Most controversially, Carlson became perhaps the leading national voice of the so-called “great replacement” theory, a white supremacist idea that political elites are trying to dillute white power through immigration.
“I know that the left and all the little gatekeepers on Twitter become literally hysterical if you use the term ‘replacement,’ if you suggest that the Democratic Party is trying to replace the current electorate, the voters now casting ballots, with new people, more obedient voters from the third world. But they become hysterical because that’s what’s happening actually. Let’s just say it: That’s true,” he said on one show.
“Everyone wants to make a racial issue out of it,” Carlson added. “Oh, you know, the ‘white replacement theory’? No, no, no ... I have less political power because they are importing a brand new electorate.
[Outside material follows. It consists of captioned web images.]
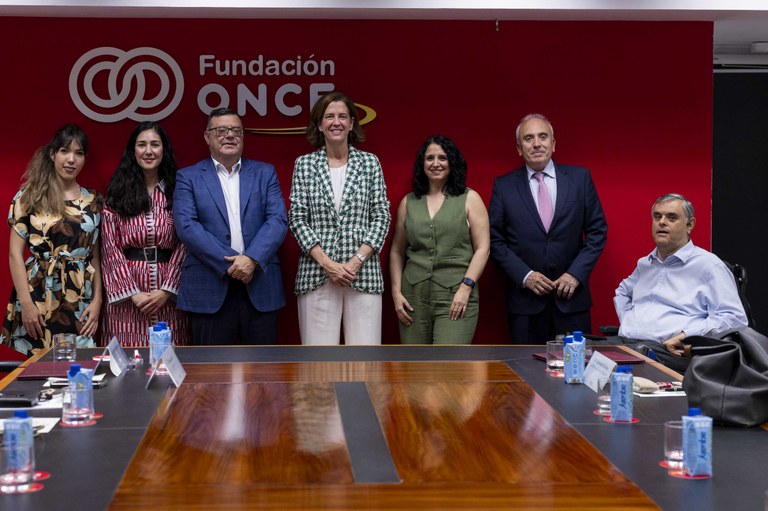 Foto de famlia del acuerdo con la la AEB y su Fundación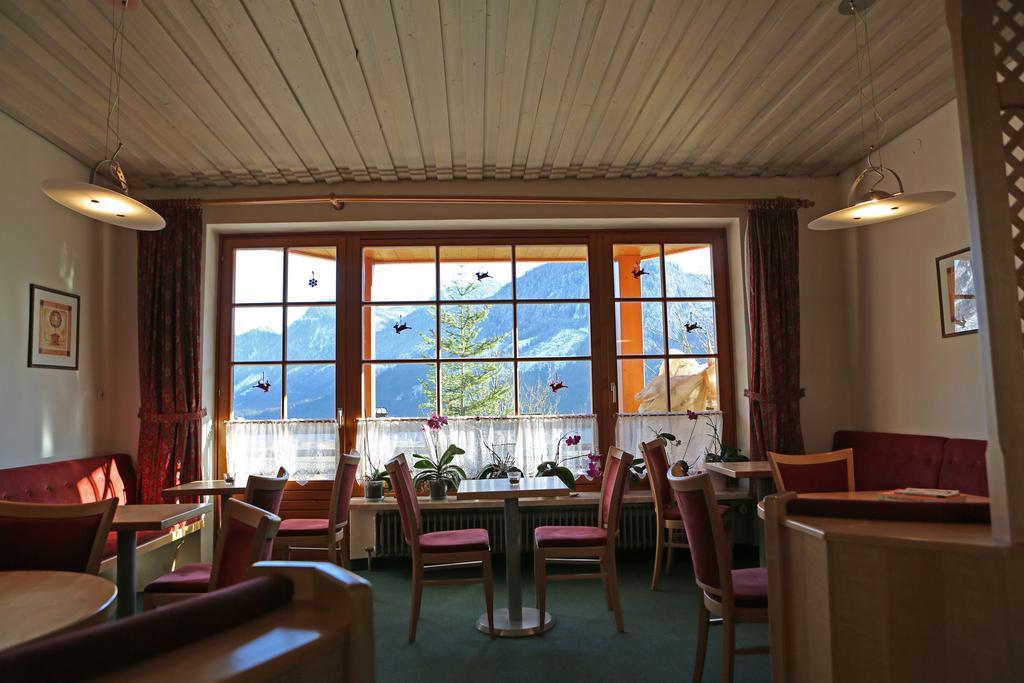 Haus Der Begegnung Hotel Gosau Exterior photo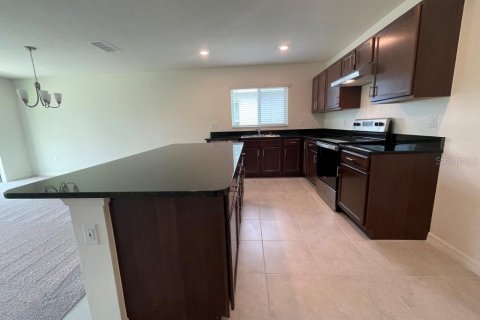 Casa en alquiler en Davenport, Florida, 4 dormitorios, 163.51 m2 № 1885073 - foto 4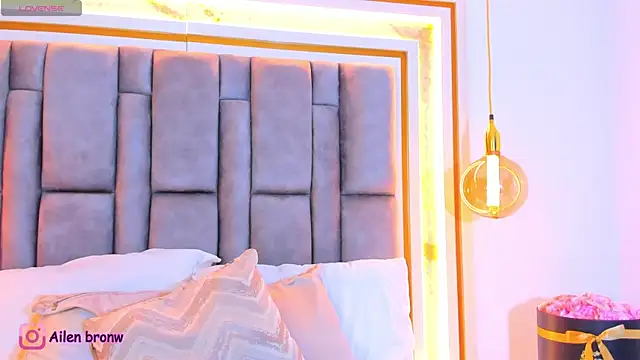 Snapshot of elianabrown chatting on October 27, 2025, 11:52 pm elianabrown online show from October 27, 2025, 11:52 pm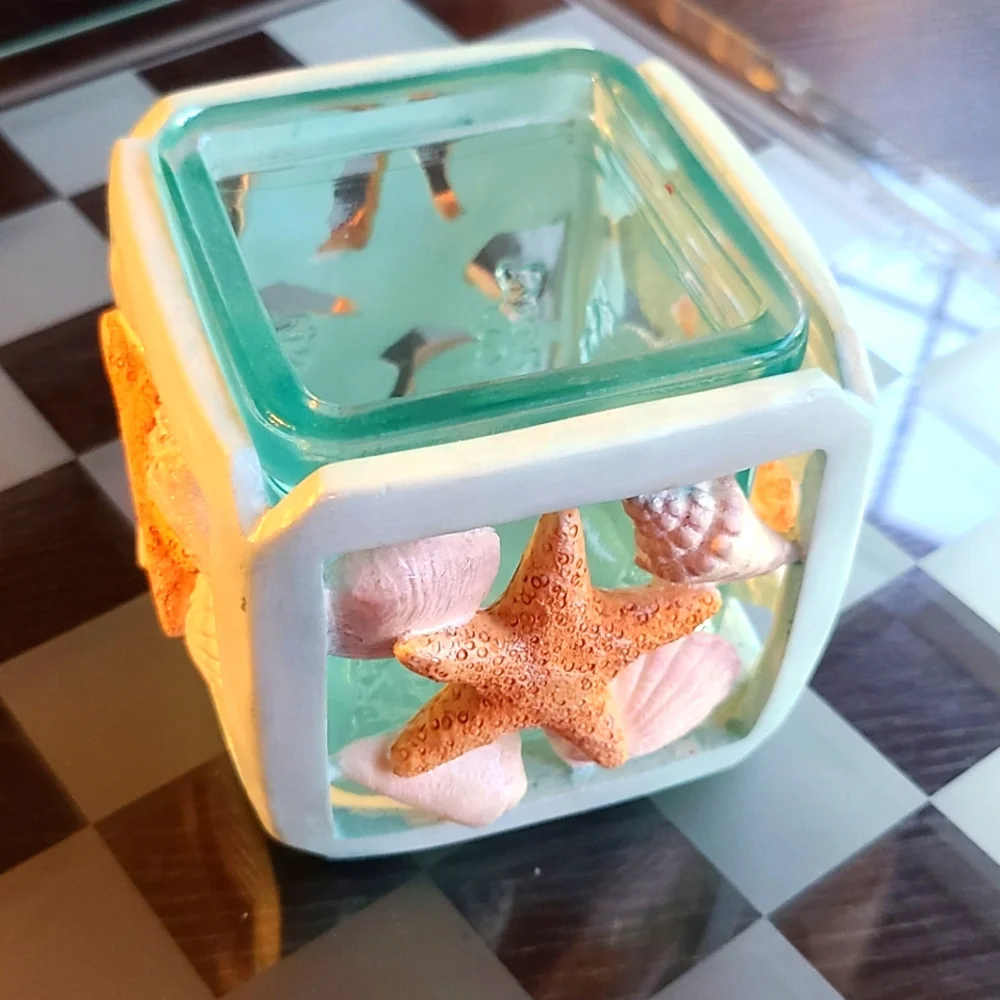 Votive Candle Holder seashell design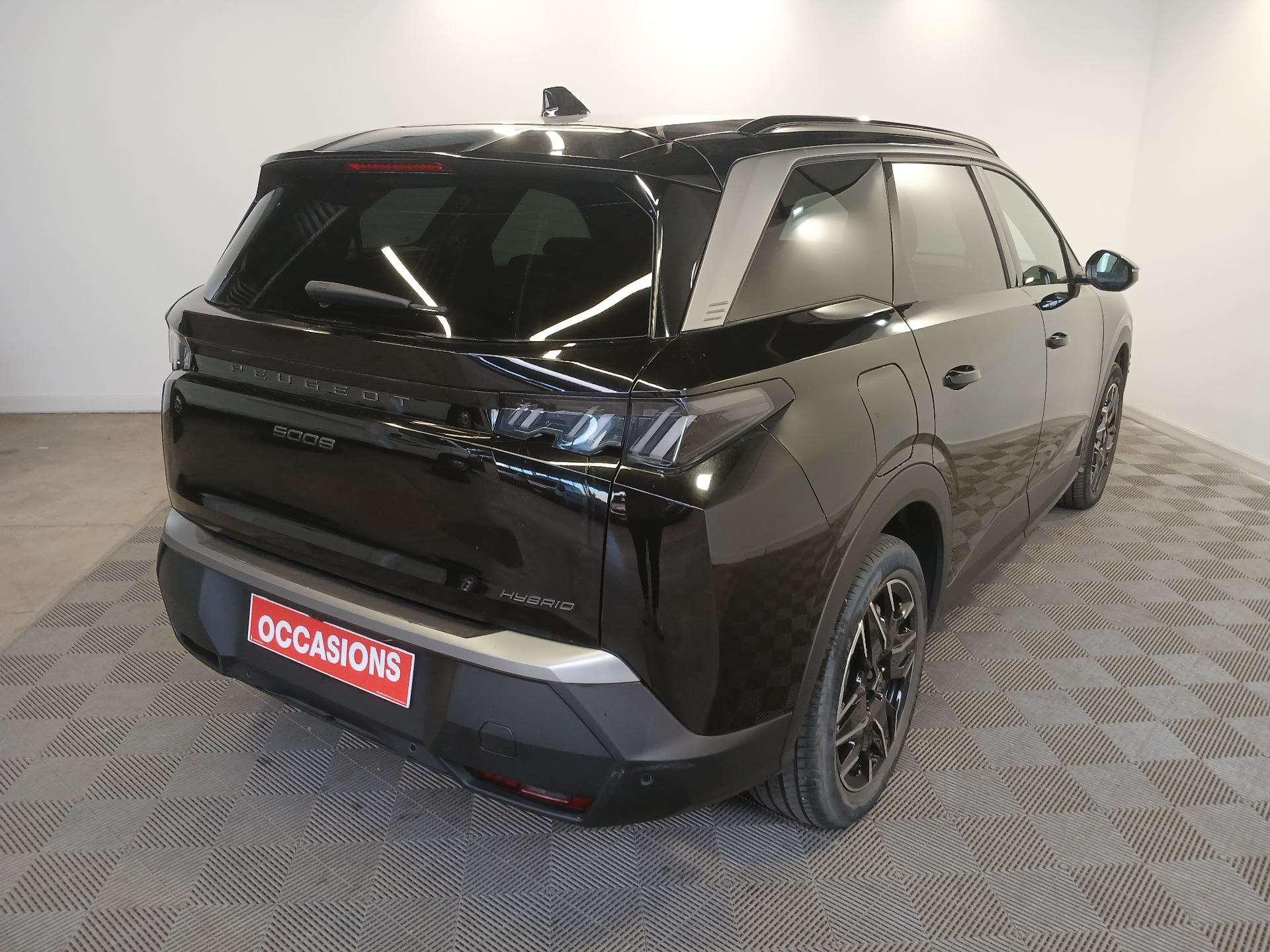 PEUGEOT 5008 Hybrid 145 ch e-DCS6 Allure
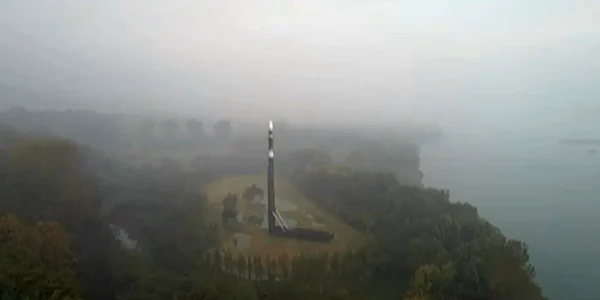 Momentul lansării noii rachete balistice intercontinentale de către Coreea de Nord Foto Captura Video X jpg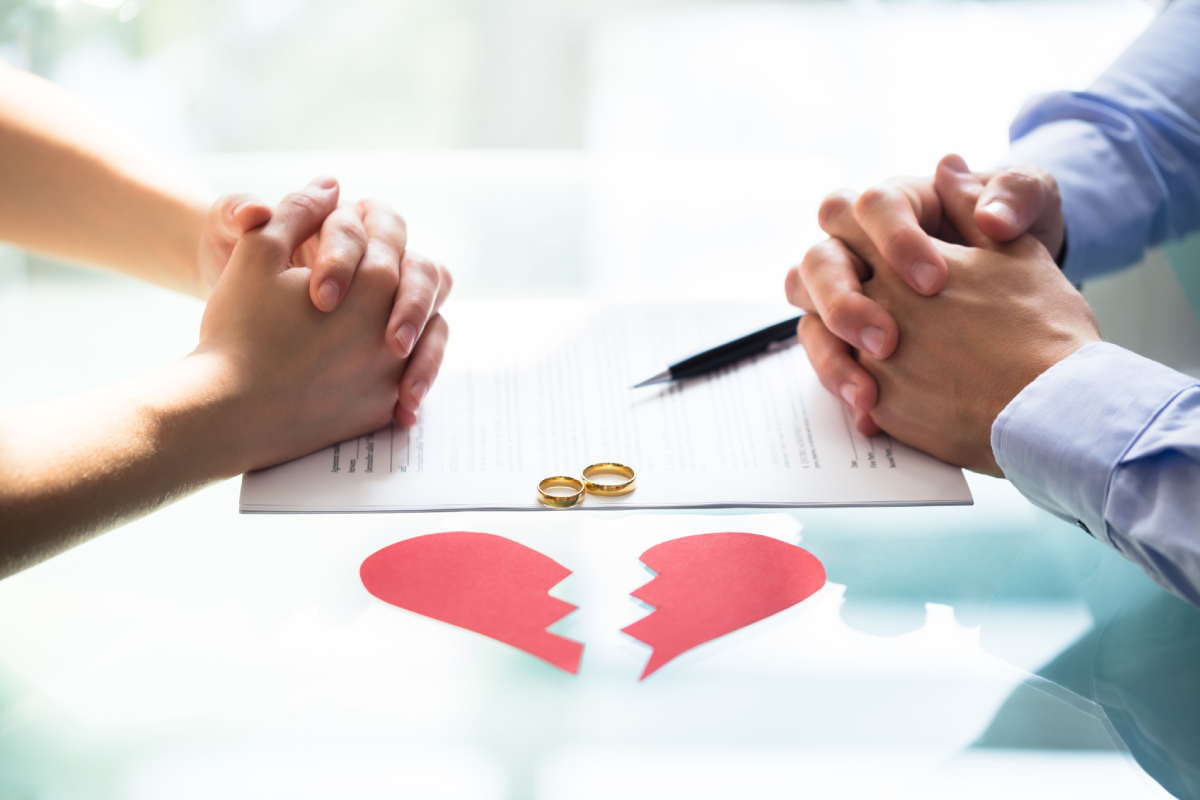 Vợ chồng là cùng là cổ đông công ty thì chia cổ phần sau khi ly hôn như thế nào?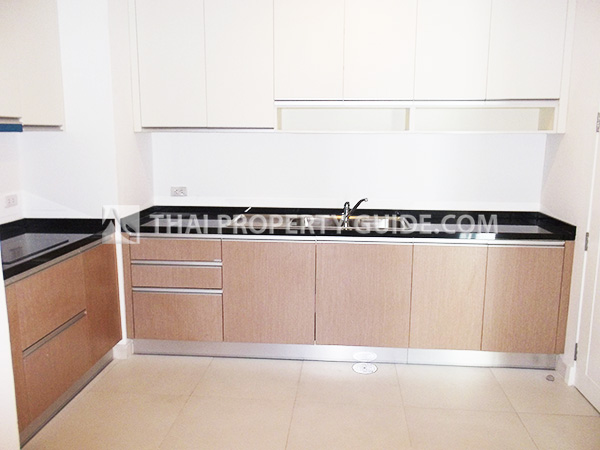 Condominium in Ploenchit 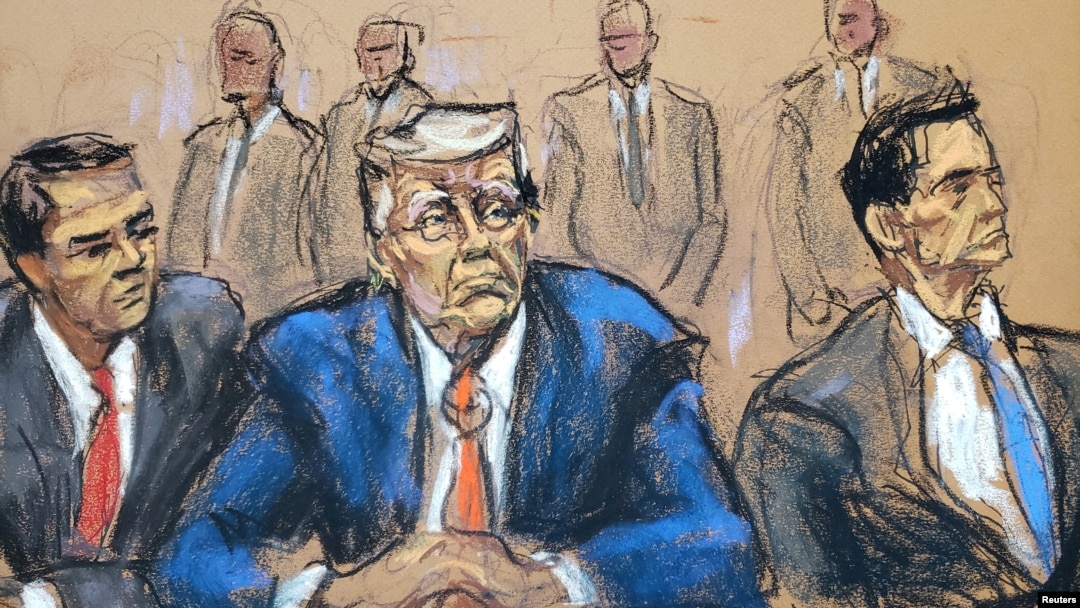 Sketsa persidangan menampilkan mantan Presiden AS Donald Trump duduk di antara kuasa hukumnya Todd Blanche dan John Lauro saat menjalani persidangan di pengadilan federal Washington, pada 3 Agustus 2023. (Foto: Reuters/Jane Rosenberg)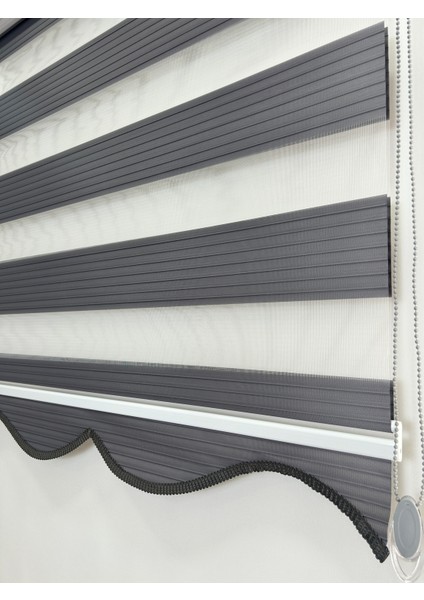 Dilimli Gri Pileli Zebra Stor Perde Ev/ofis Perdesi Aluminyum Sistem Zebra Stor Perde – Gece & Gündüz Kullanım, Kolay Montaj (Alüminyum Sistem)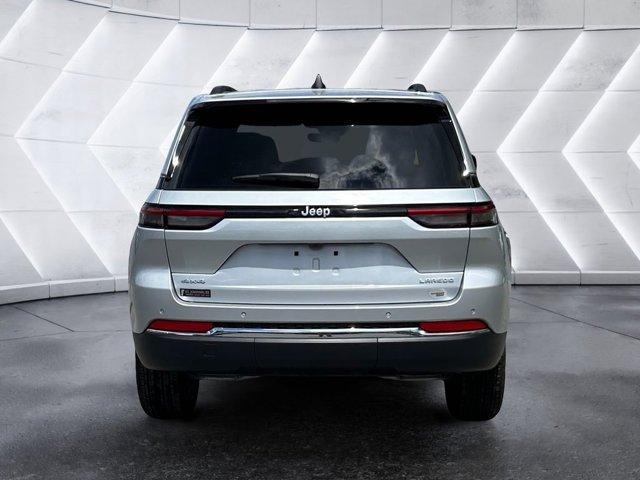 Photo of 2025 Silver Zynith Jeep Grand Cherokee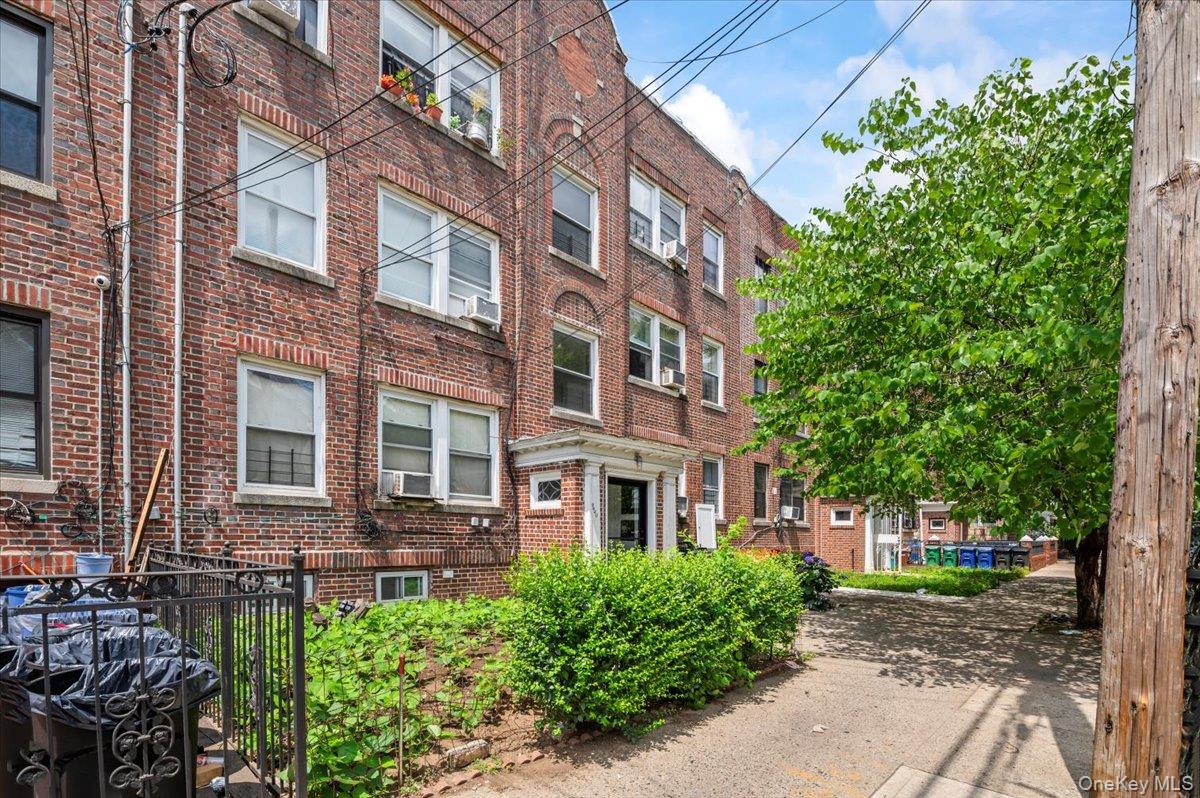 8640 123rd Street, Richmond Hill, NY 11418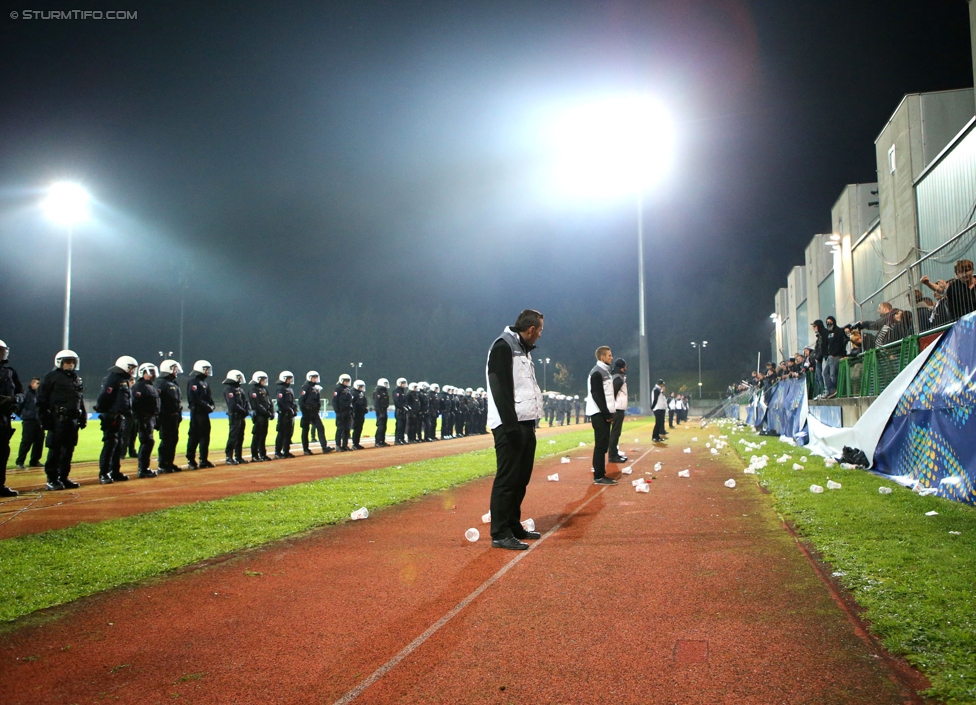 Austria Salzburg - Sturm Graz
OEFB Cup, 2. Runde, SV Austria Salzburg - SK Sturm Graz, Stadion Voecklabruck, 23.09.2014. 

Foto zeigt Polizei, Security und Fans von Sturm
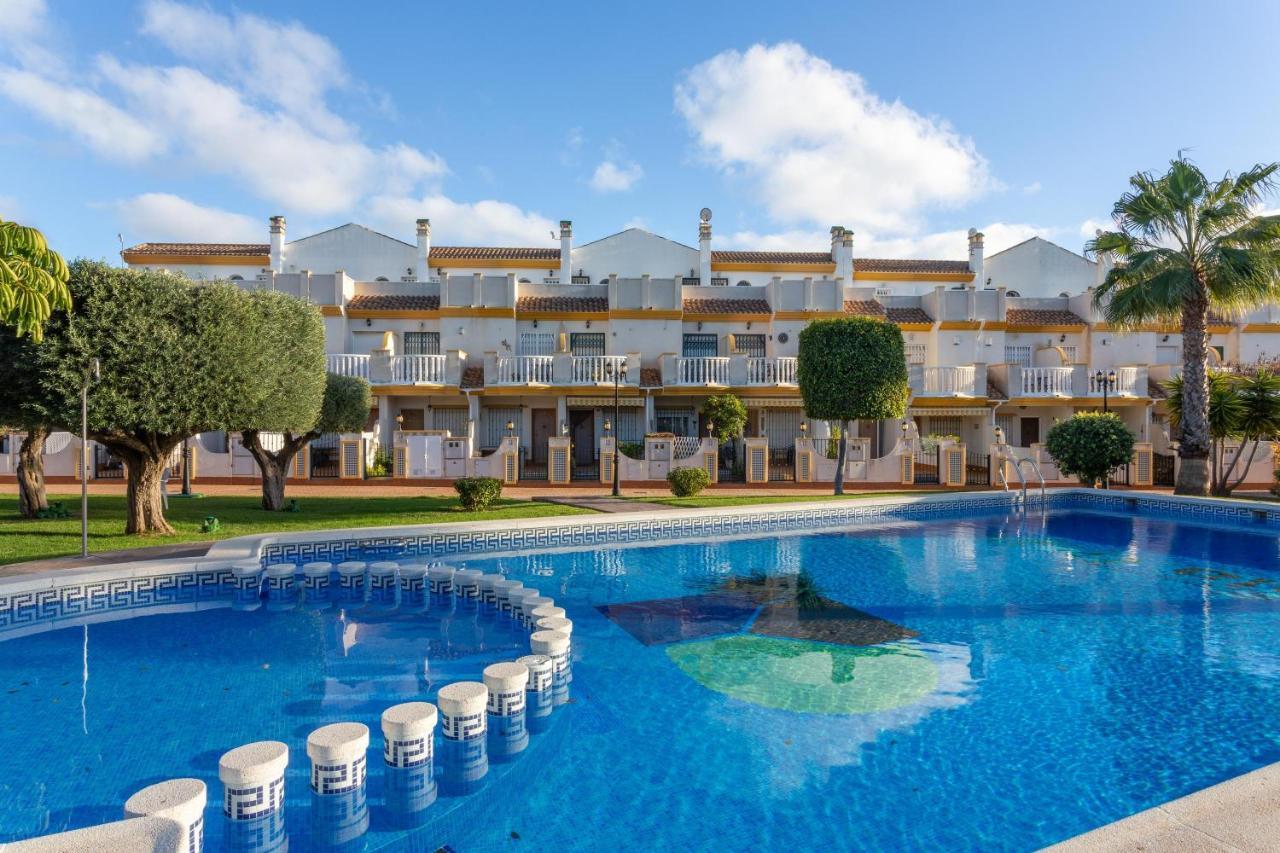 Pool-Side Townhouse In Cabo Roig Villa Orihuela Bagian luar foto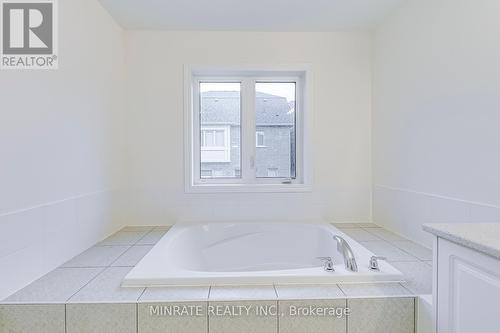 3941 Koenig Rd, Burlington, ON - Indoor Photo Showing Bathroom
Why should I sit back and take that?”
A New York Times analysis of Tucker Carlson Tonight in recent years found that the host mentioned some version of this theory in more than 400 episodes.
Scott Greer, a former editor at the Daily Caller, a conservative news site founded by Carlson, argued the Fox News giant was able to launder numerous far-right, racist talking points from the dark corners of the internet into the mainstream on his show. (Greer left the Caller in 2018, when his past writings for a white nationalist site came to life.)
“Tucker is ultimately on our side,” Mr Greer said on his podcast in 2022. “He can get millions and millions of boomers to nod along with talking points that would have only been seen on VDare or American Renaissance a few years ago.”
Where those points will find a home after Carlson’s exit from Fox News remains undetermined.
Thanks to new digital media tools, a mainstream institution like Fox News is no longer necessary to cultivate a large audience or a handsome salary, whether it’s Joe Rogan netting a deal with Spotify worth reportedly over $200m, or Bari Weiss spinning an acrimonious exit from The New York Times opinion pages into a booming publication on Substack with over 330,000 subscribers and millions in annual earnings.
One thing is for certain though: Carlson has a rare ability to fail upward.
He went from, as he put it, spending most of his college years drunk and with poor grades, to being one of the most in-demand magazine writers in the country, penning profiles for for Esquire, The New York Times Magazine, and, The New Republic.
He went from being a bowtie-wearing featured conservative panelist on the CNN debate show Crossfire, to a punching bag, excoriated on air so thoroughly by Jon Stewart in 2005 some speculate it led to the show’s cancellation months later.
After that, he rebounded from a middling stint on MSNBC to become a fixture in the conservative media landscape.
Where he — or Fox News for that matter — lands next after this season of upheaval is unclear, but no doubt, controversy will follow.